利用多級雜訊整形及雜訊耦合技巧之離散時間三角積分調變器設計

Abstract

在現代物聯網(IoT)系統的應用中，高精度的類比數位轉換器(ADC)對於訊號的處理至關重要，影響著整體系統的性能表現。本篇論文將提出兩種不同架構的類比數位轉換器設計，以滿足物聯網設備對於高效能與低功耗的需求。 晶片一為一離散時間之三角積分調變器，以多級雜訊整形(Multi Stage Noise Shaping)來實現高階雜訊整形(Noise Shaping)，並以偽偽差動架構(Pseudo-Pseudo-Differential)來解決單端系統的非線性問題，再採用一個六位元的逐次逼近之類比數位轉換器(SAR ADC)和比較器用來組成另一個多級雜訊整形架構，此架構有助於解決多位元數位類比轉換器(DAC)的非線性問題，同時提升有效位元(ENOB)。此電路在TSMC 180nm製程實現，晶片核心面積為0.466平方毫米，功耗為191.7微瓦，在1 kHz的頻寬下實現了14.13位元的解析度，並達到了92.04 dB的動態範圍。 晶片二同樣採用離散時間三角積分調變器的架構，核心設計為一個二階調變器，並結合一階雜訊耦合(Noise Coupling)整形技術，以實現三階雜訊整形。為了降低系統的功耗與面積，電路運用了運算放大器共享(OTA Sharing)技術，此外，量化器採用四位元的逐次逼近類比數位轉換器，以減少量化雜訊所帶來的干擾，同時以一增量加權平均演算法(Incremental Data Weight Average)來補償多位元數位類比轉換器因不匹配所產生的非線性諧波。此電路同樣在TSMC 180nm製程實現，晶片核心面積為0.273平方毫米，功耗為110.3微瓦，在16 kHz的頻寬下實現了14.5位元的解析度，並達到了170.7 dB的性能指標。

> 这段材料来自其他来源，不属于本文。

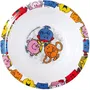 Fun House - Lot de vaisselle Monsieur Madame - 1 assiette creuse diametre 16 cm, 1 gourde 350 ml, 1 mug 350 ml et 2 peluches 12 cm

In modern Internet of Things (IoT) applications, a high-precision analog-to-digital converter (ADC) plays a crucial role in signal processing, directly impacting the overall system performance. This thesis proposes two different ADC architectures to meet the high-performance and low-power requirements of IoT devices. Chip 1 is a discrete-time delta-sigma modulator (DTDSM) that employs a 2-1 multi-stage noise shaping to achieve high-order noise shaping. A six-bit successive approximation register (SAR) ADC and a comparator are used to form another multi-stage noise shaping structure, which helps to address the nonlinearity issues in multi-bit DAC and improve the resolution. Additionally, a pseudo-pseudo-differential architecture is adopted to mitigate nonlinearity issues in a single-ended system. This circuit is implemented in the TSMC 180nm process, with a core area of 0.466 mm² and a power consumption of 191.7 µW. It achieves a resolution of 14.13 bits within a 1 kHz bandwidth, a dynamic range of 92.04 dB. Chip 2 also adopts a DTDSM architecture, featuring a 2nd-order modulator combined with 1st-order noise coupling to achieve 3rd-order noise shaping. To reduce power consumption and chip area, the circuit employs the OTA sharing technique. Furthermore, a four-bit SAR ADC is used as the quantizer to minimize interference caused by quantization noise. An incremental data weight average algorithm is implemented to compensate for harmonic distortion caused by the mismatch in multi-bit DACs. It is also fabricated in the TSMC 180nm process, with a core area of 0.273 mm² and a power consumption of 110.3 µW. It achieves a resolution of 14.5 bits within a 16 kHz bandwidth, and a FoMSNDR of 170.7 dB.